* **How to complete this task**:
Write the records below out again word for word, with the pictures removed.

* **Captioned web images**:
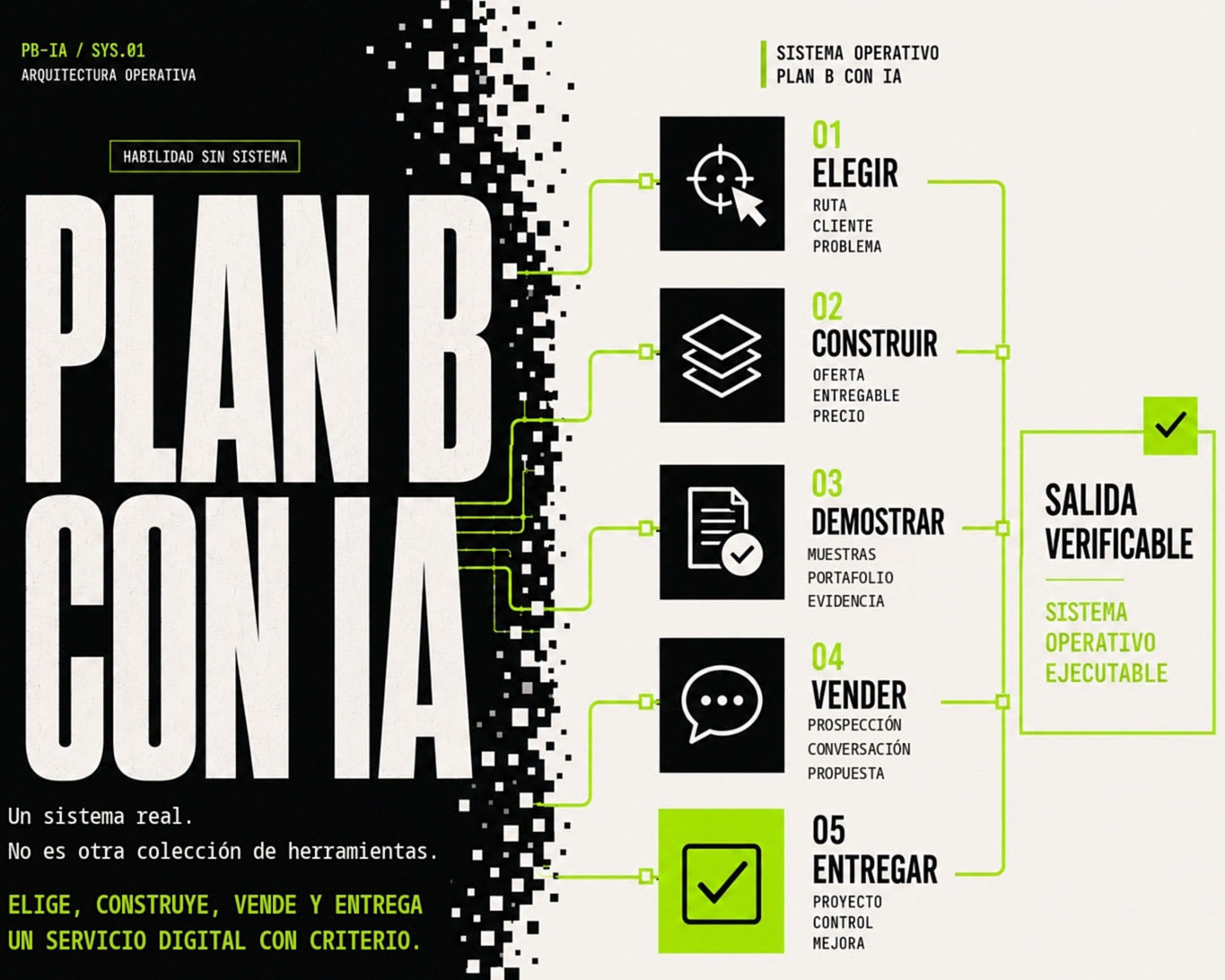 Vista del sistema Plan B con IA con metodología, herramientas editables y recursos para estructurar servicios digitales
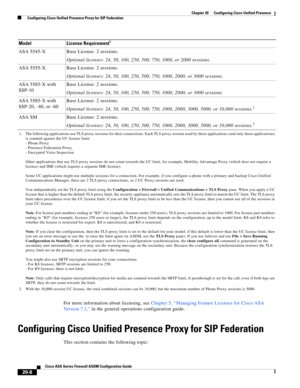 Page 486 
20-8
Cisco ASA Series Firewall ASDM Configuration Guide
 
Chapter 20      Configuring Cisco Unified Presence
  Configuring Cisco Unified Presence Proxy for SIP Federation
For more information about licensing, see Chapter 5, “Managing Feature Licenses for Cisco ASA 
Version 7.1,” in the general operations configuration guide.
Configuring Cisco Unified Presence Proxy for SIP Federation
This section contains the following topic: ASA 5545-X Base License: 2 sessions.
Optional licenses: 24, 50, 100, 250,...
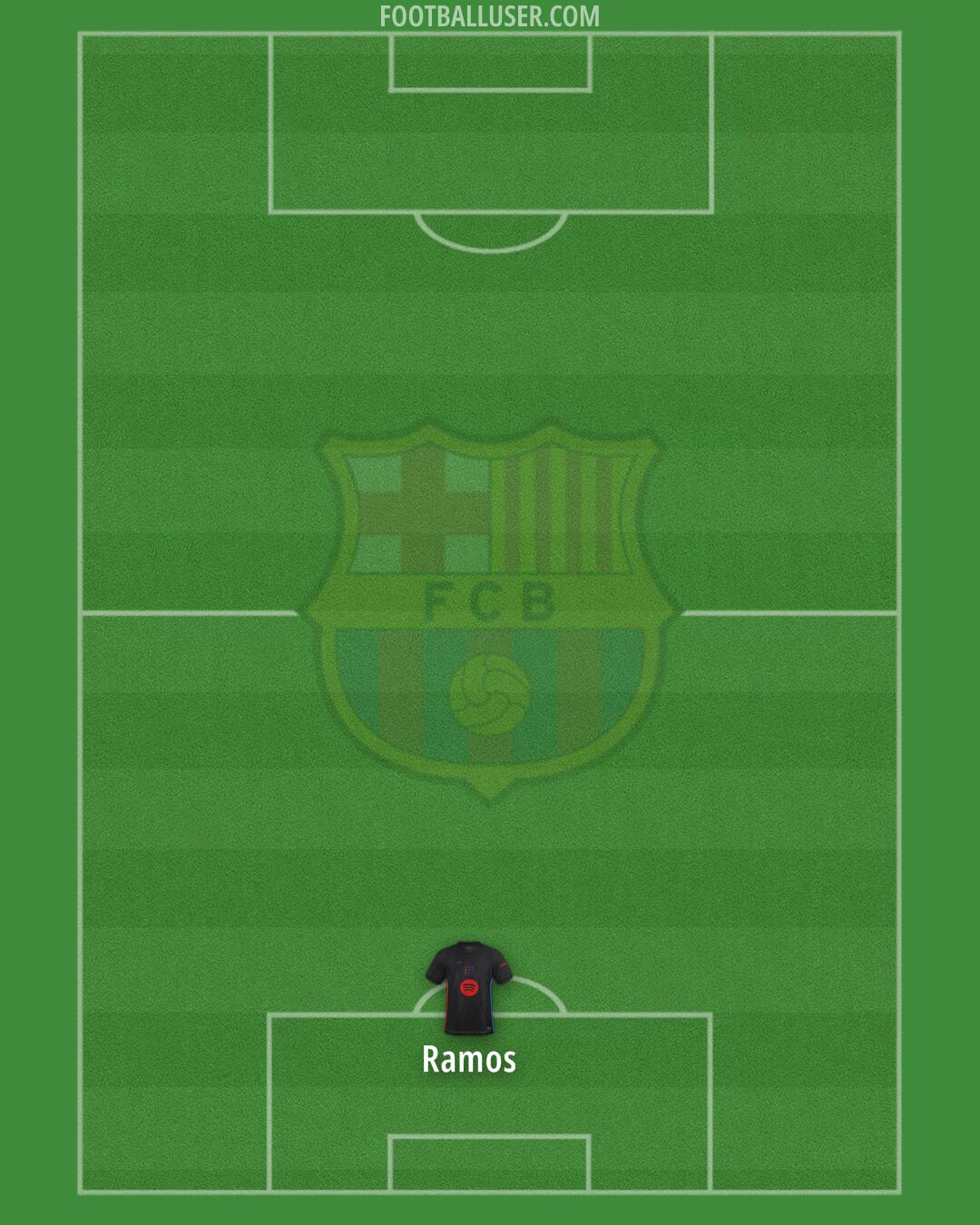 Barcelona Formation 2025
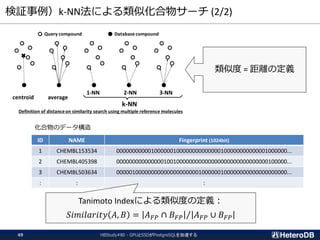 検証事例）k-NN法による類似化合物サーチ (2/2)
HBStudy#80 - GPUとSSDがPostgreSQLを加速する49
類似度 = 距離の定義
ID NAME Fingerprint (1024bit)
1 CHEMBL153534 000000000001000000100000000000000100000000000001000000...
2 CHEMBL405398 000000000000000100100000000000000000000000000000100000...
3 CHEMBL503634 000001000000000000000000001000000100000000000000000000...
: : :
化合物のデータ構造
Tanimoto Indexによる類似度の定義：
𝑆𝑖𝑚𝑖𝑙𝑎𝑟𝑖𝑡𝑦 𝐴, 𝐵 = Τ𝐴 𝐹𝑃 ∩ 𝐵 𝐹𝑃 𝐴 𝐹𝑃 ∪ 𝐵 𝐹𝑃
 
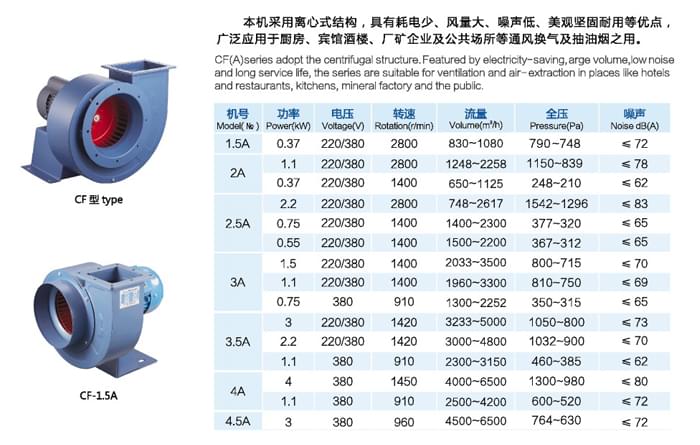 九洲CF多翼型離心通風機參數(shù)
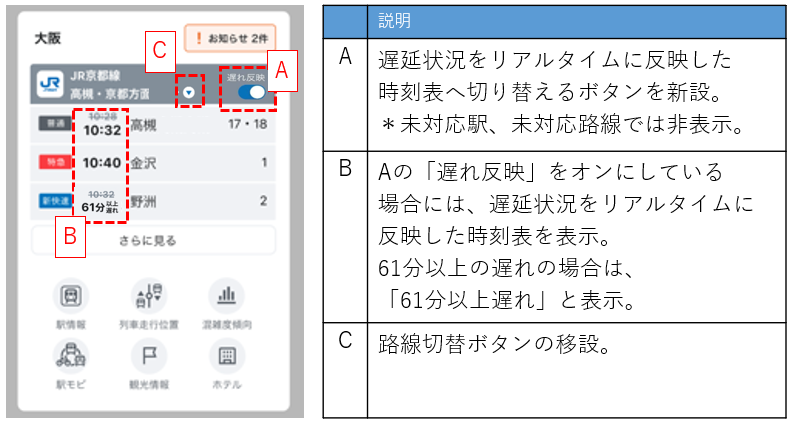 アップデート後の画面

* **Exercise output**:
 Vista del sistema Plan B con IA con metodología, herramientas editables y recursos para estructurar servicios digitales
 Page 486 
20-8
Cisco ASA Series Firewall ASDM Configuration Guide
 
Chapter 20      Configuring Cisco Unified Presence
  Configuring Cisco Unified Presence Proxy for SIP Federation
For more information about licensing, see Chapter 5, “Managing Feature Licenses for Cisco ASA 
Version 7.1,” in the general operations configuration guide.
Configuring Cisco Unified Presence Proxy for SIP Federation
This section contains the following topic: ASA 5545-X Base License: 2 sessions.
Optional licenses: 24, 50, 100, 250,...
 Barcelona Formation 2025
 検証事例）k-NN法による類似化合物サーチ (2/2)
HBStudy#80 - GPUとSSDがPostgreSQLを加速する49
類似度 = 距離の定義
ID NAME Fingerprint (1024bit)
1 CHEMBL153534 000000000001000000100000000000000100000000000001000000...
2 CHEMBL405398 000000000000000100100000000000000000000000000000100000...
3 CHEMBL503634 000001000000000000000000001000000100000000000000000000...
: : :
化合物のデータ構造
Tanimoto Indexによる類似度の定義：
𝑆𝑖𝑚𝑖𝑙𝑎𝑟𝑖𝑡𝑦 𝐴, 𝐵 = Τ𝐴 𝐹𝑃 ∩ 𝐵 𝐹𝑃 𝐴 𝐹𝑃 ∪ 𝐵 𝐹𝑃
 
 九洲CF多翼型離心通風機參數(shù)
 アップデート後の画面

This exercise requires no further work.